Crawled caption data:
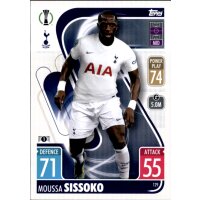 129 - Moussa Sissoko - 2021/2022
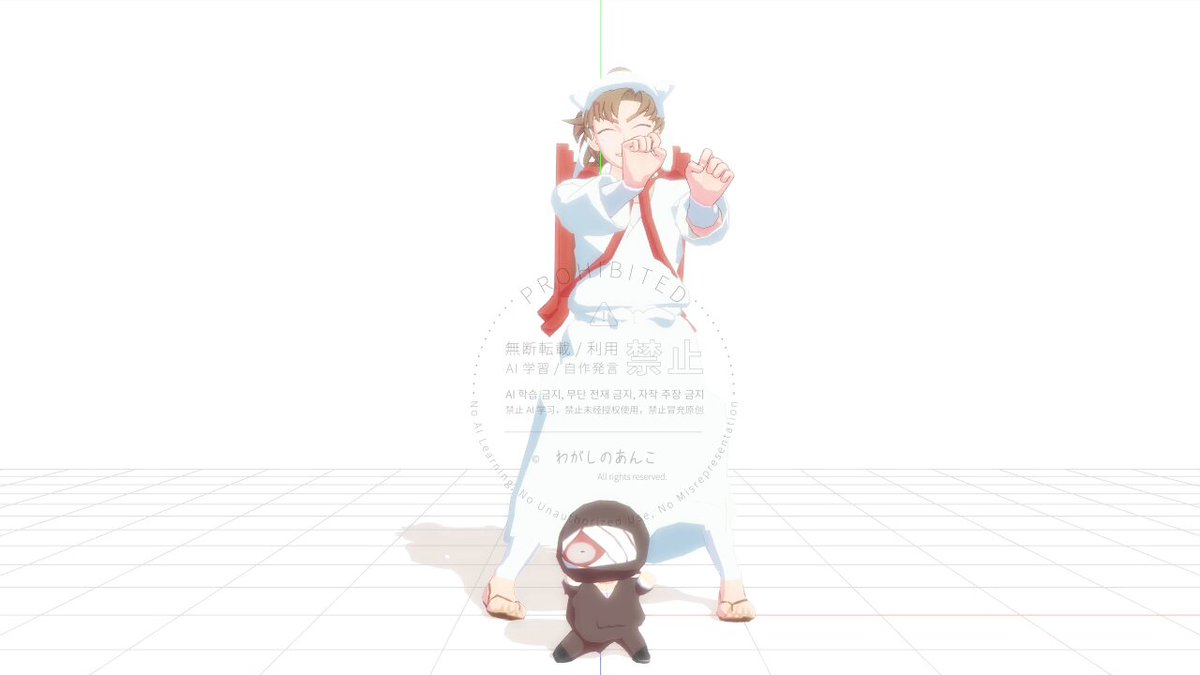 【あんころもち様オーダーページ】 あんころもち（わがしのあんこ） (@anpanmaso5) / X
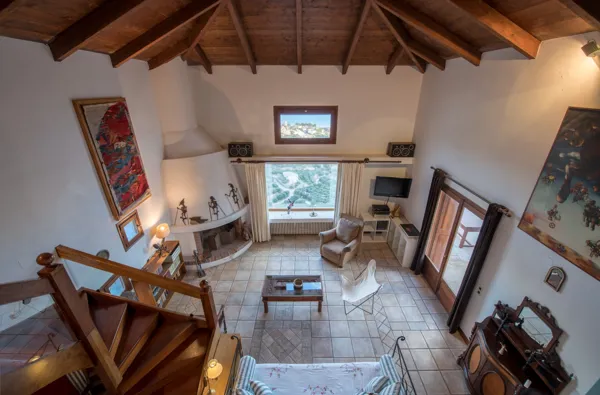 Villa with panoramic sea views - Agios Nikolaos, Lasithi, Crete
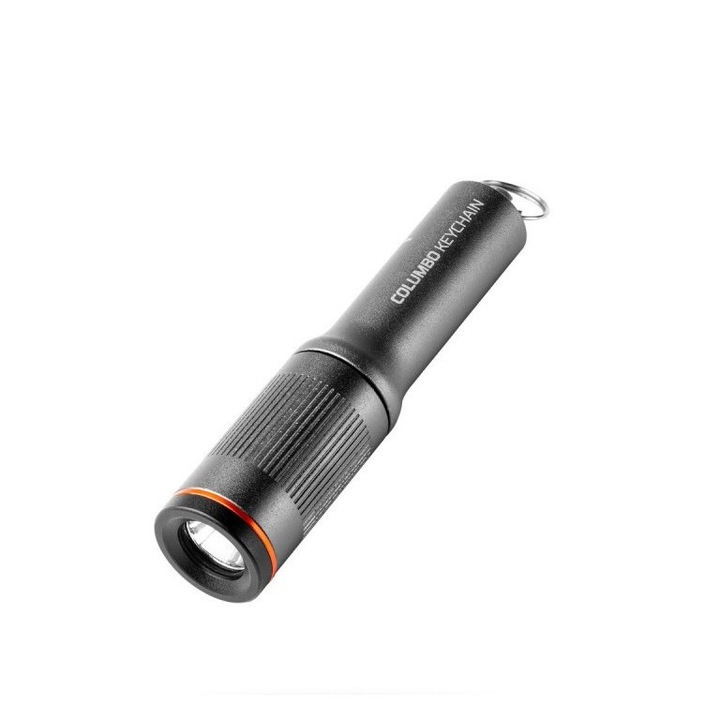 Фенер Nebo Columbo 100 lm, IPX7, батерия AAA, алуминий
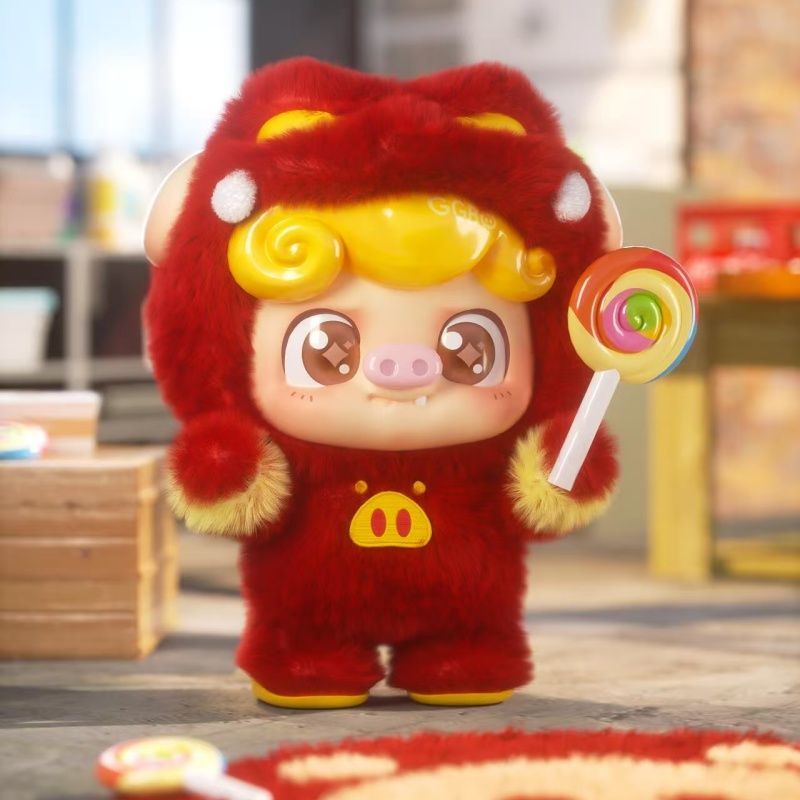 Q.Kid X GGBond Super Bro Serie – Kids Xbox Toys recenzja i cena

> Required work
Output the entries above verbatim, with no picture included.

> Solved problem
 129 - Moussa Sissoko - 2021/2022
 【あんころもち様オーダーページ】 あんころもち（わがしのあんこ） (@anpanmaso5) / X
 Villa with panoramic sea views - Agios Nikolaos, Lasithi, Crete
 Фенер Nebo Columbo 100 lm, IPX7, батерия AAA, алуминий
 Q.Kid X GGBond Super Bro Serie – Kids Xbox Toys recenzja i cena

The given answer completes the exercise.